#### Activity
Make an exact copy of the records below, leaving every image out.

Data records
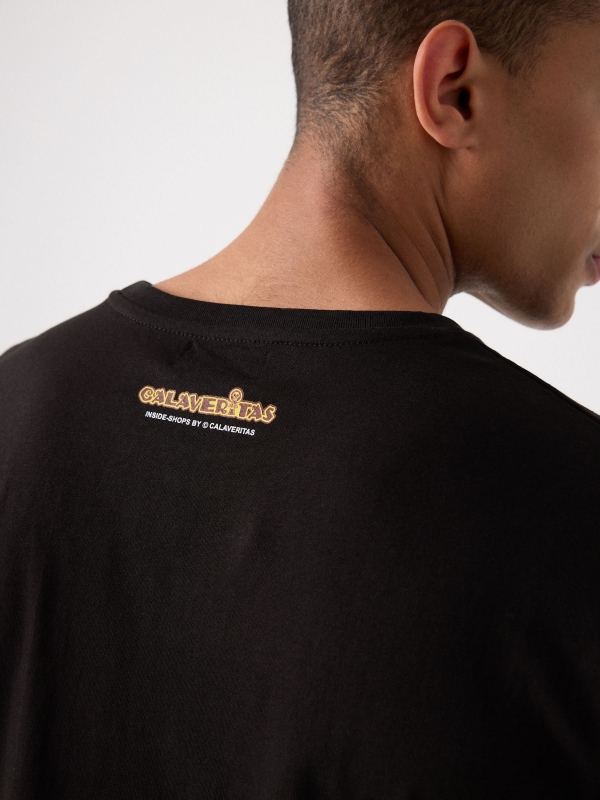 Calaveritas Megaskull t-shirt black detail view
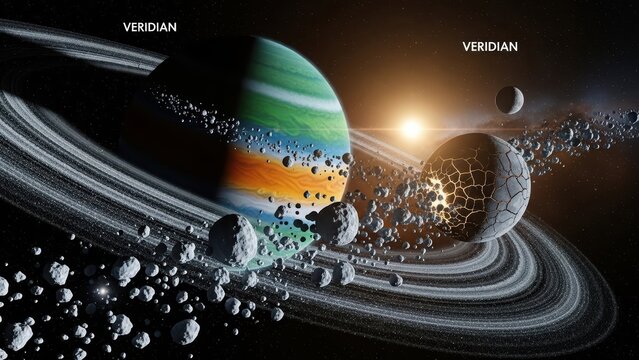 A digital network of binary code and light envelopes planet earth in space, symbolizing global data communication and modern web technology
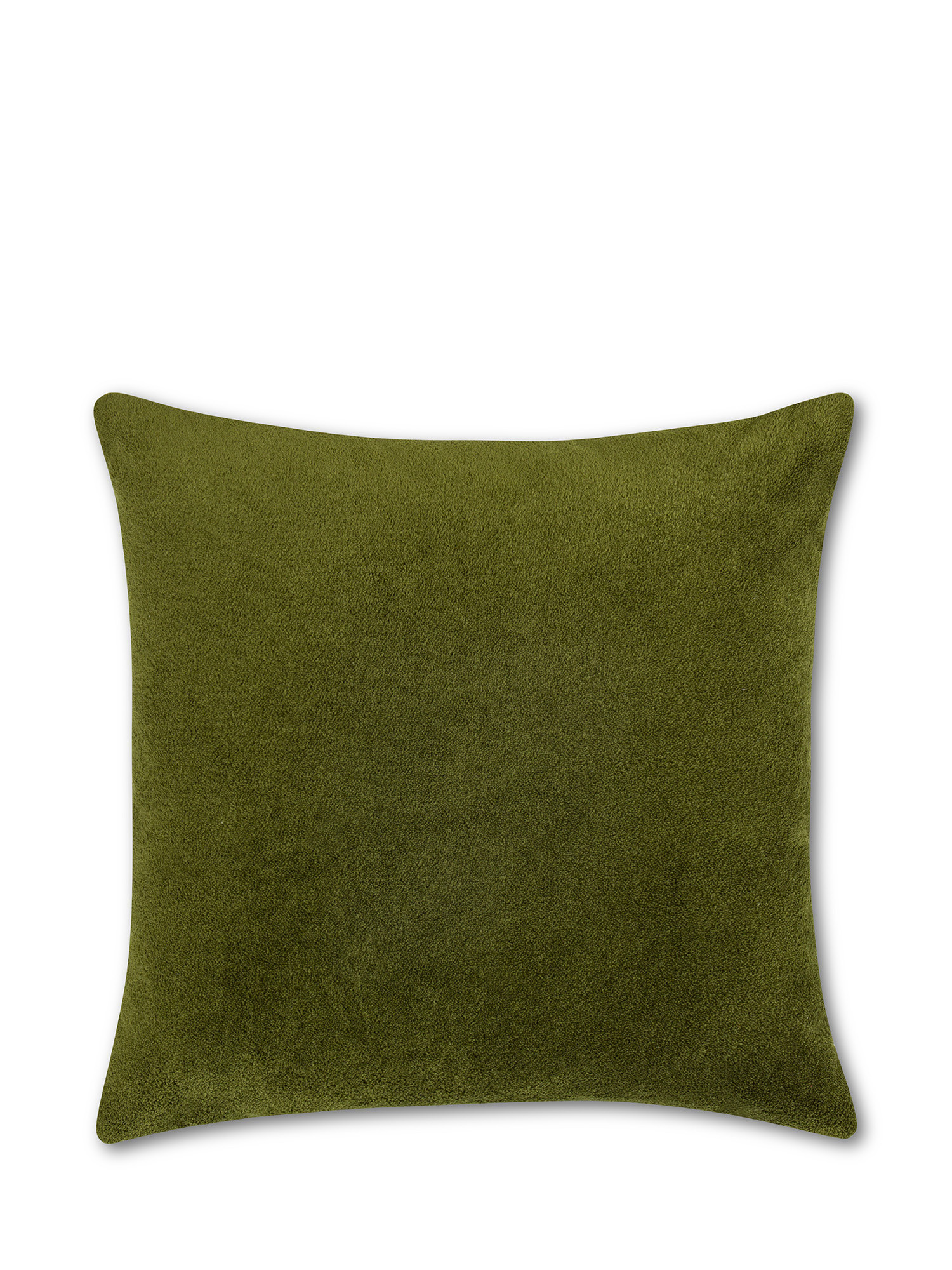 цена Подушка из ткани Тедди 43х43см Coincasa, зеленый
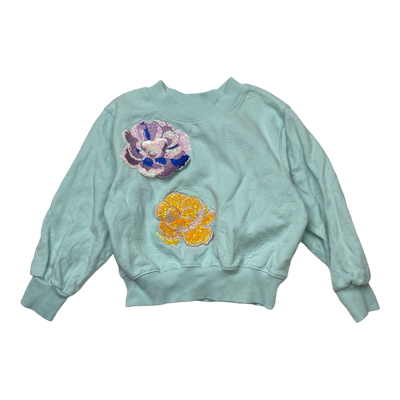 Molo sweatshirt, glitter flower | 104cm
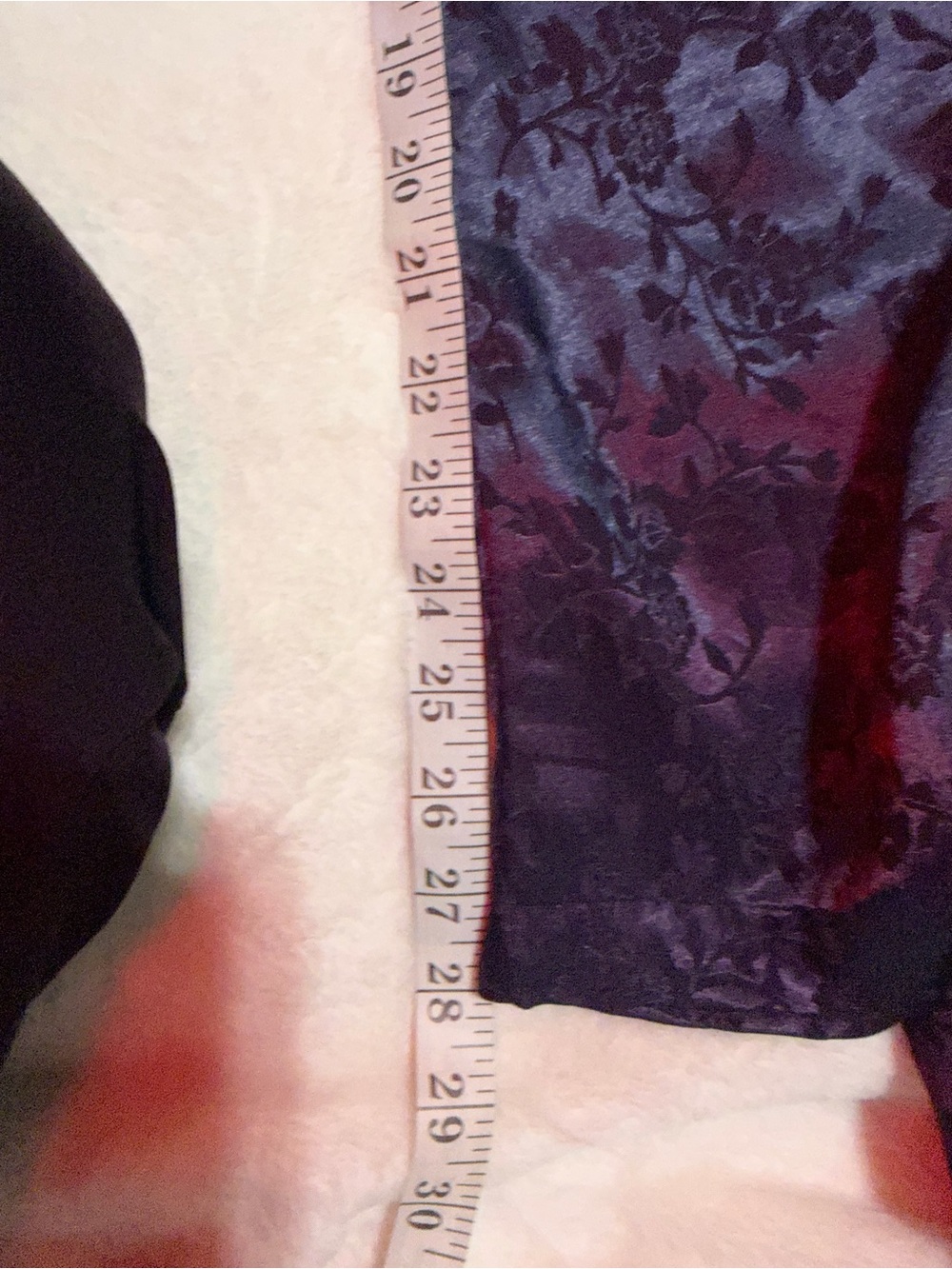 Vintage Victoria’s Secret Navy Satin Floral Damask Pajama Set - Picture 9 of 9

#### Output of the task
 Calaveritas Megaskull t-shirt black detail view
 A digital network of binary code and light envelopes planet earth in space, symbolizing global data communication and modern web technology
 цена Подушка из ткани Тедди 43х43см Coincasa, зеленый
 Molo sweatshirt, glitter flower | 104cm
 Vintage Victoria’s Secret Navy Satin Floral Damask Pajama Set - Picture 9 of 9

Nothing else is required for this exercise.